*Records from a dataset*
▬▬▬
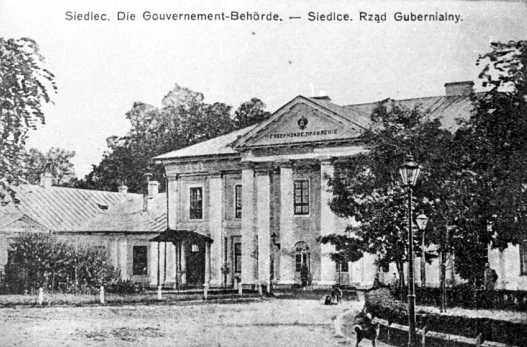 zdjęcie przedstawia pałac Ogińskich w czasie gdy mieściła się w nim Gubernia 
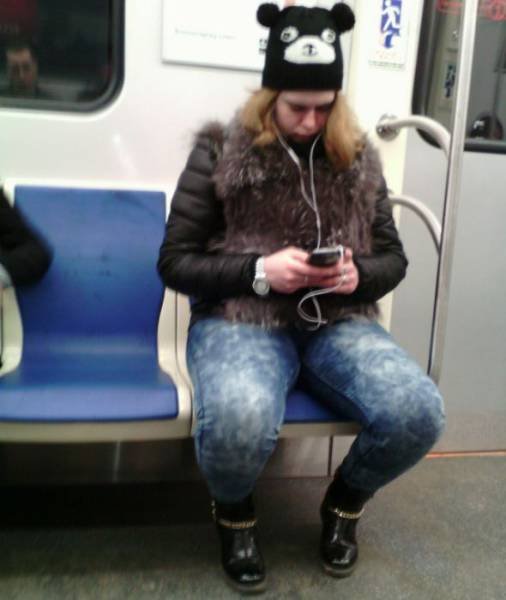 Odd People In The Subway (38 pics)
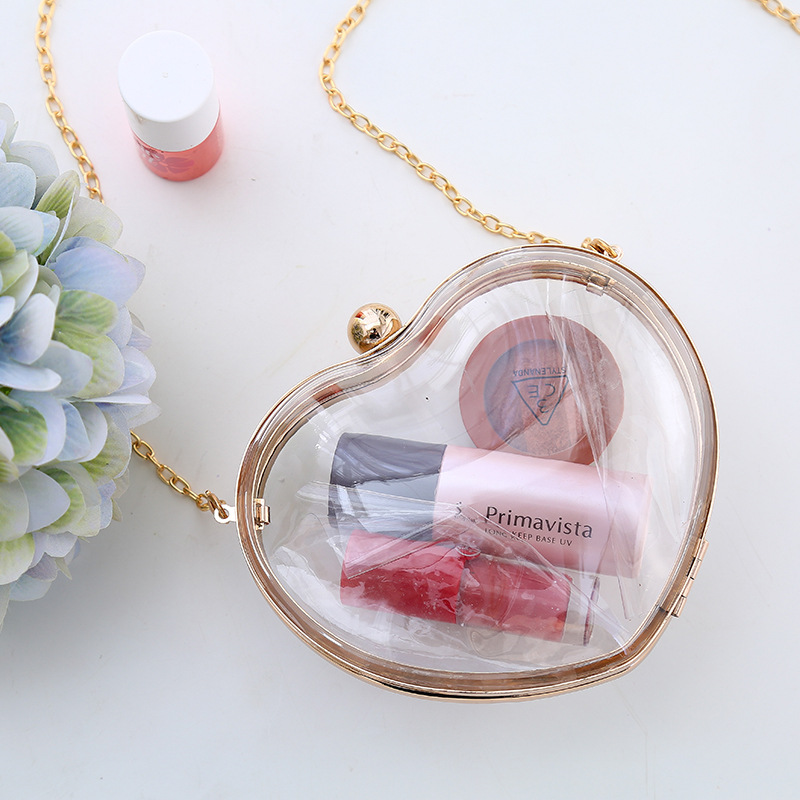 2022 New European and American acrylic Bag Mini love hand bag transparent Dinner Bag clutch bag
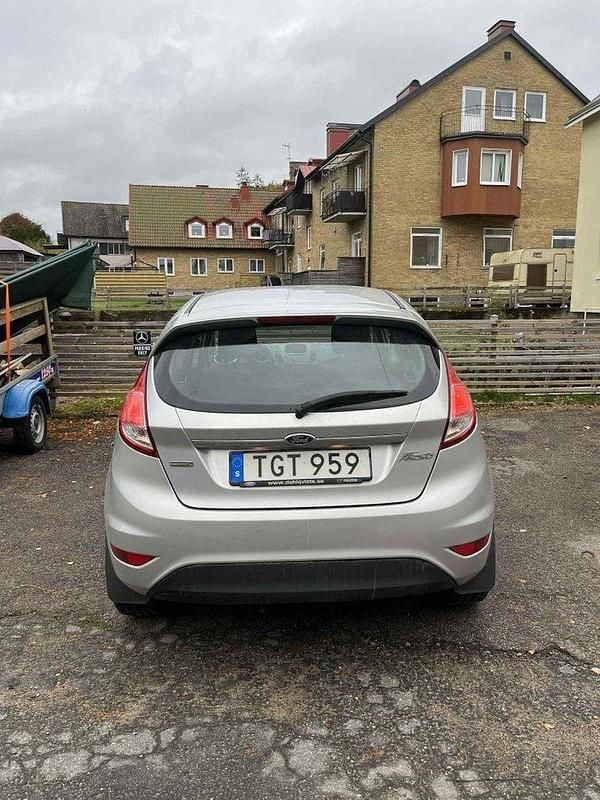 Grå Begagnad 2015 Ford Fiesta Titanium Halvkombi | 40 000 kr (Bra pris) - Bild 1/4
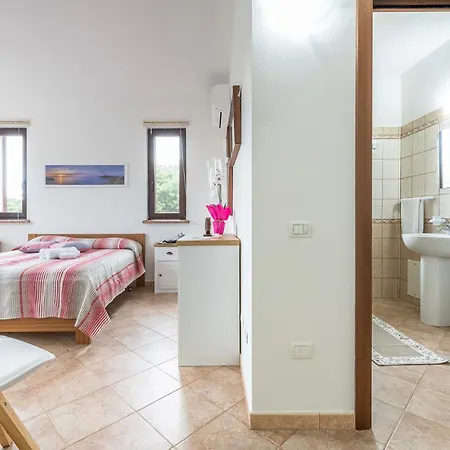 8 Beds In Not Far From The Sea Willa Stintino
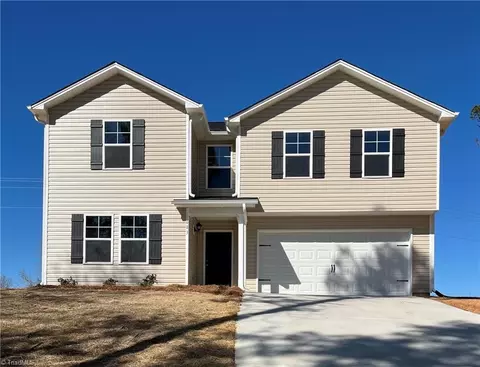 683 Gus Hill Rd, Clemmons, NC 27012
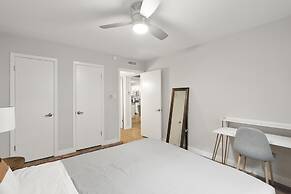 Stylish 2BR Near UT Hyde Park Evonify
▬▬▬
Print the entries as they stand, first line through the line holding "Grå Begagnad 2015", with every picture removed.

 zdjęcie przedstawia pałac Ogińskich w czasie gdy mieściła się w nim Gubernia 
 Odd People In The Subway (38 pics)
 2022 New European and American acrylic Bag Mini love hand bag transparent Dinner Bag clutch bag
 Grå Begagnad 2015 Ford Fiesta Titanium Halvkombi | 40 000 kr (Bra pris) - Bild 1/4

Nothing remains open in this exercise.